Automatic Generation of Web Censorship Probe Lists
Jenny Tang, Leo Alvarez, Arjun Brar, Nguyen Phong Hoang, Nicolas Christin
TL;DR
This work presents an automated pipeline to generate up-to-date domain probe lists for web censorship measurement, addressing biases and scalability in manual/crowdsourced approaches. Starting from a large seed of existing URLs, the pipeline performs language detection, multilingual text processing, and multi-method topic/keyword extraction (BERTopic, LDA, Top2Vec), then expands topics via ChatGPT prompts and Google Trends, and finally crawls Google Search results to assemble a 119,255-URL probe list. Systematic testing across 11 global locations over four months, supplemented by OONI Probe validation, reveals hundreds of previously unseen domains that may be blocked, with particular emphasis on China where DNS and IP-based blocking are evident.
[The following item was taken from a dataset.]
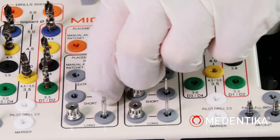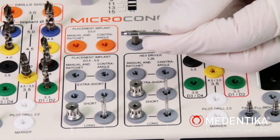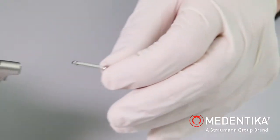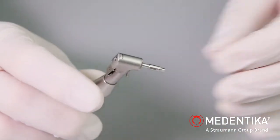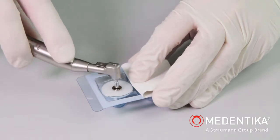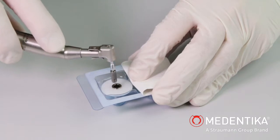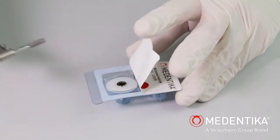An ISO shank placement instrument is used for direct removal of the implant for power-assisted insertion using a contra angle. A maximum motor speed of 50 revolutions per minute and a torque of 35 Ncm should not be exceeded. Once the final position of the implant has been reached, the placement instrument for direct implant removal is carefully pulled out of the implant.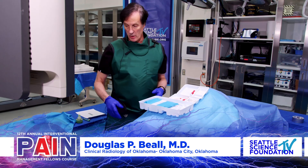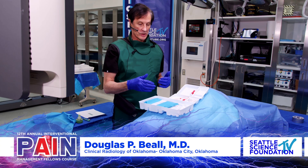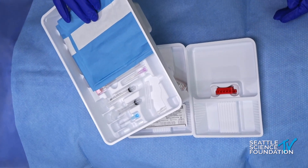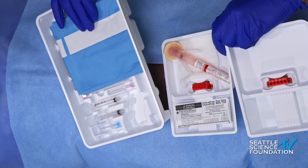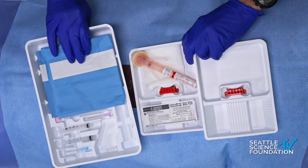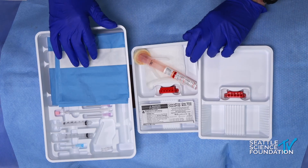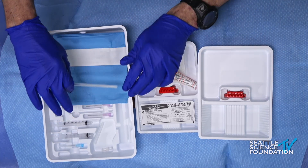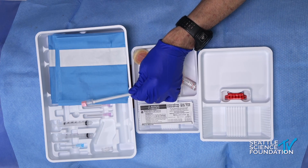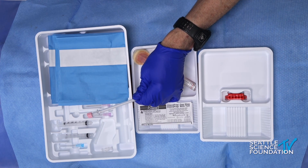This pack from Vivex will come in two packs: a small box containing the ViaDisc, then a larger box containing the sterile prep pack, needles, and everything you need. You don't really need to have anything else — a sterile drape, a syringe to draw it up, a syringe for anesthetic, a 20-gauge needle, and an 18-gauge needle.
Compared with prior efforts, the approach yields significantly more potential censorship signals and demonstrates the practicality of continuous, automated probe-list updating to support scalable censorship measurement. The methodology offers a foundation for integrating automated probe lists with global measurement platforms while highlighting regional biases and ethical considerations inherent in censorship research.
Abstract
Domain probe lists--used to determine which URLs to probe for Web censorship--play a critical role in Internet censorship measurement studies. Indeed, the size and accuracy of the domain probe list limits the set of censored pages that can be detected; inaccurate lists can lead to an incomplete view of the censorship landscape or biased results. Previous efforts to generate domain probe lists have been mostly manual or crowdsourced. This approach is time-consuming, prone to errors, and does not scale well to the ever-changing censorship landscape. In this paper, we explore methods for automatically generating probe lists that are both comprehensive and up-to-date for Web censorship measurement. We start from an initial set of 139,957 unique URLs from various existing test lists consisting of pages from a variety of languages to generate new candidate pages. By analyzing content from these URLs (i.e., performing topic and keyword extraction), expanding these topics, and using them as a feed to search engines, our method produces 119,255 new URLs across 35,147 domains. We then test the new candidate pages by attempting to access each URL from servers in eleven different global locations over a span of four months to check for their connectivity and potential signs of censorship. Our measurements reveal that our method discovered over 1,400 domains--not present in the original dataset--we suspect to be blocked. In short, automatically updating probe lists is possible, and can help further automate censorship measurements at scale.